Like many writers, Time is a four-letter word for me. When I look at the amount of revising I will need to do on this book, I don’t see how I’m going to get it all done before my toddler graduates high school. I despair sometimes that I will be the first 90-year-old debut middle grade author in history.

But then I gather myself. I remind myself that even though I have 6 pages of typed notes and a copybook with even more hand written, all I need to do is focus on one change at a time. Do one thing at a time and eventually I will see the end of the road. I have done it before, I can do it now.

By cutting that daunting revision down to size, the despair lifts, and I am left with the excitement I started with. New ideas, new connections, new depth…

I can’t wait to dive in!

Do you use the Breakout Novel Workbook–or a similar book? Has it helped you?

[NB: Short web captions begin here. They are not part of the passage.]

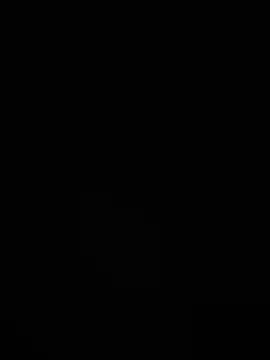 BedoyaJuanf 在線直播表演
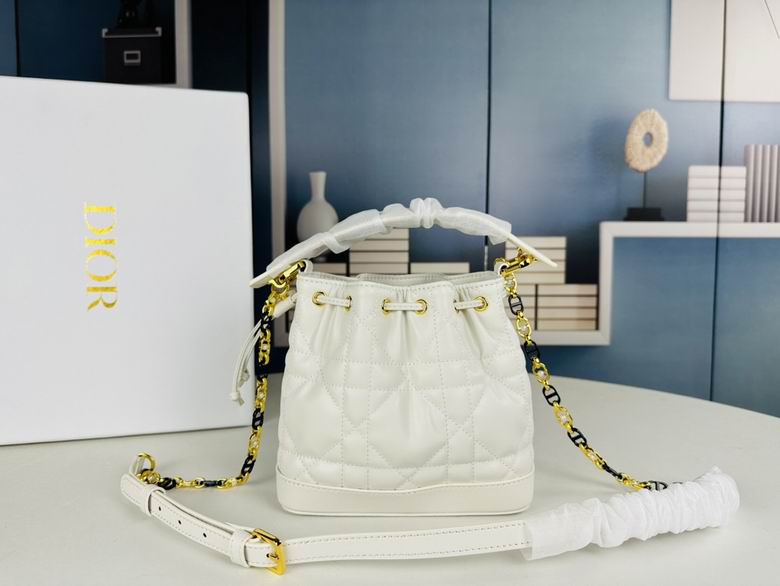 D2780 18X22X17X10cm XMY 3colour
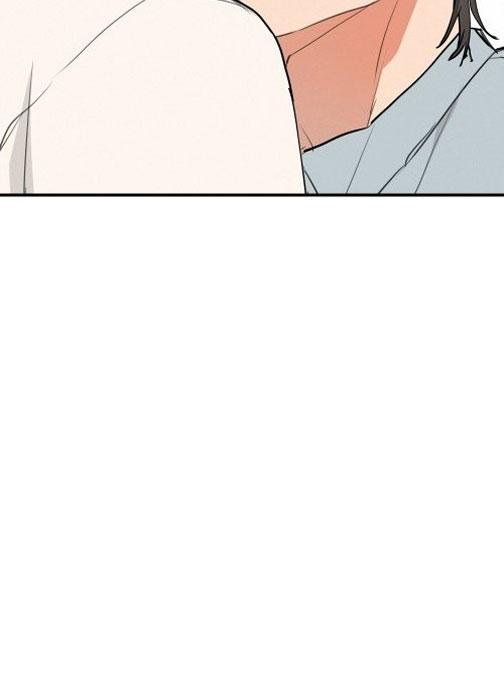 Đọc truyện BL NGẮN TUYỂN CHỌN - Chapter 9.3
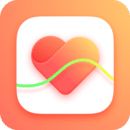 六月直播官网版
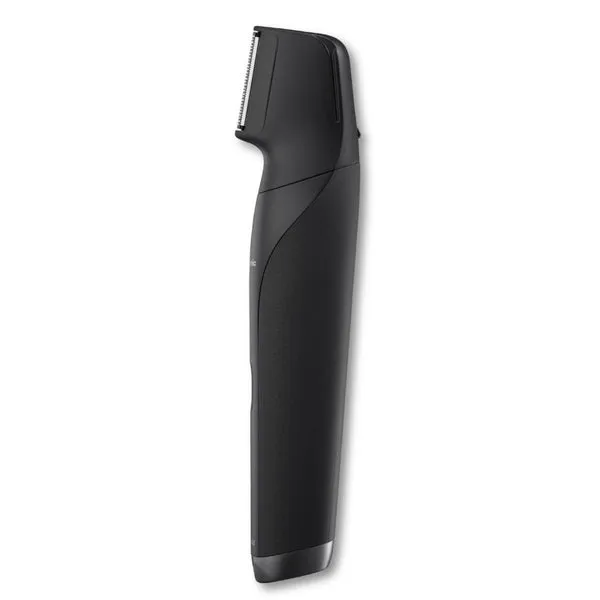 Beard Trimmer Panasonic Corp. ER-GD51-K503 Black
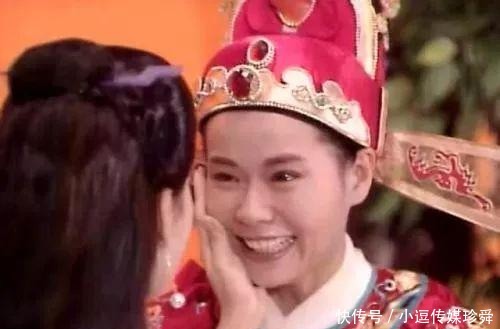 状元|历史上他只写了八个字就成了状元,状元真的难考吗?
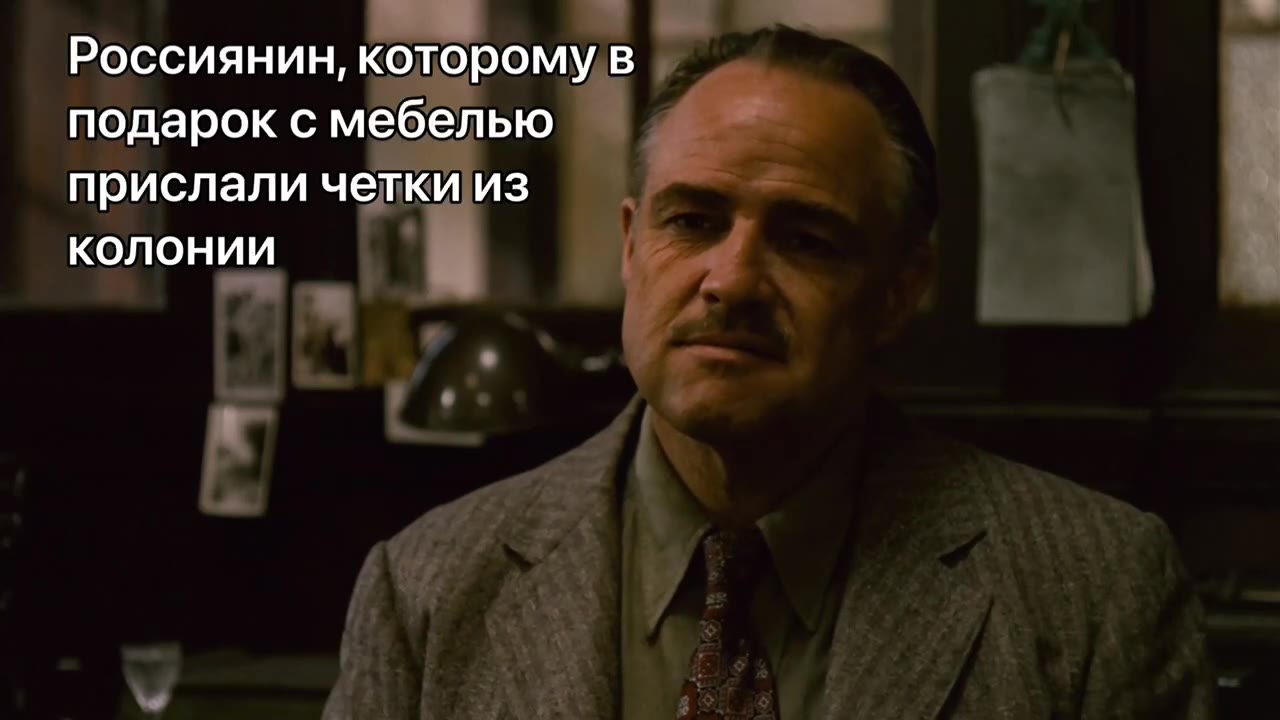 Вместо IKEA россиянам предложат мебель из колоний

Writing During the Holiday Madness

I don’t know about you, but from Thanksgiving on my life has been a runaway train going downhill. I haven’t stopped for over a month. I feel like I haven’t breathed in about as long. An exhausting combination of travel, family obligations, illnesses, classes, and the requirements of survival have drained me. My gas tank is well below “E.” And yet, I’m still going.

So did my writing fare in this whirlwind? Did I even manage to get a single word written? I am pleased to say that yes, I did.

I did more than just eke out words, too—I was quite productive. I attribute this productivity to the fact that I am in between books. I finished a draft of one middle grade book and got it out to beta readers before the insanity began (which I had planned). The rest of this month was taken up with back-and-forth between my co-authors and me on the major revision to The Egyptian Enigma.

Mostly this consisted of new suggested timelines/outlines. Jim Kempner and I started with two separate outlines and the subsequent discussions (via email) slowly merged them into one outline that we felt contained the best of both. It helped that we were not that far apart on most major issues.

I would say that coming to an agreement on a completely new outline for our revision (and all the writing of those outlines to get there) is pretty productive.

Today we met face-to-face to hash out the details of things we had not been able to resolve online. We ended the 3-hour meeting with a finalized new outline—one that will cut some 30,000 words from the book, streamline the plot, and sharpen the focus.

Now we just have to implement it. We’re thinking of trying something new in our process. We’ll see how that works out. Working with three of us is an ongoing experiment to find the most efficient way to get from start to finish.

How did your holiday writing go? Or did you simply decide to take the holidays off?